Thursday, June 17, 2010
There was no liquor in the chocolate liquor!
New England Fine Living.com
One of the reasons I started New England Fine Living was to share my experiences with you, especially when I learn something wonderful and new. I am going out of my comfort zone, sometimes getting embarrassed so that you can learn through my faux pas. Here is the latest example of one of those "situations". Oh and trust me, they happen almost daily.
Yesterday I took a press tour of the Lindt Chocolate Factory for the grand opening of their chocolate liquor facility.
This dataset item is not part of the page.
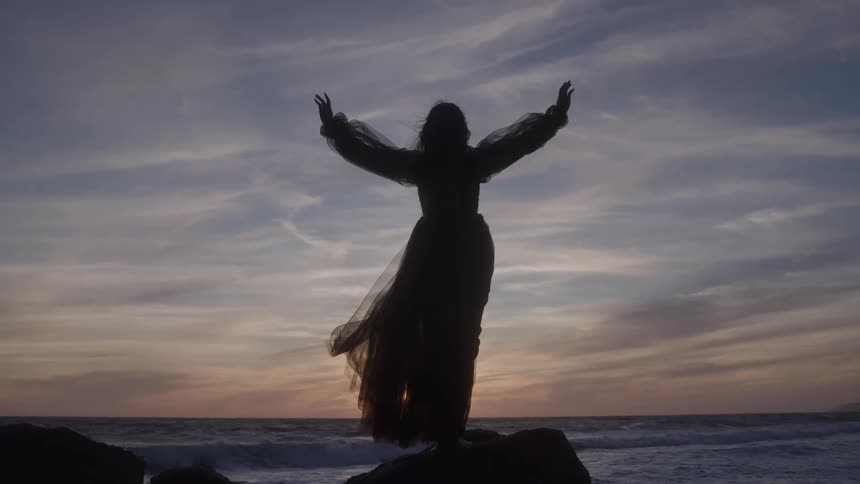 Silhouette of a woman with open arms facing the sea at sunset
You see the word liquor right??? (I will post that information soon).
Silly me…. I actually thought there was going to be liquor in the chocolate and bragged to my friends that I was going to try a delicious spirit infused chocolate after I read the press release. Nope! Liquor is just the name of the chocolate once it is turned into a pure liquid form. Duhhhhh! And I was so glad to hear others say the same thing during some chatting with others.
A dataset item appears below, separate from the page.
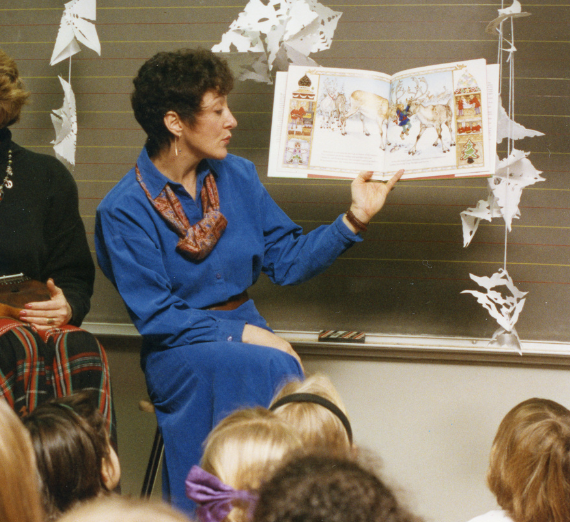 Dr. Nieding holds up a picture book to read to children.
This is the definition from Wikipedia: Chocolate liquor (cocoa liquor) is pure chocolate in its liquid form. Like the cocoa beans (nibs) from which it is produced, it contains both cocoa solids and cocoa butter in roughly equal proportion.
It is produced from cocoa beans that have been fermented, dried, roasted, and separated from their shells. The beans are ground into cocoa mass (cocoa paste). The mass is melted to the liquor, and the liquor is cooled and molded into blocks (Lindt makes theirs shaped like hearts) known as unsweetened baking chocolate (bitter chocolate). I got to see this process and it was amazing.
Chocolate liquor contains roughly 53 percent cocoa butter (fat), about 17 percent carbohydrates, 11 percent protein, 6 percent tannins, and 1.5 percent theobromine
I wish I knew who took the photo or for what event it was used for, but can you imagine wearing that in a fashion show! How cool!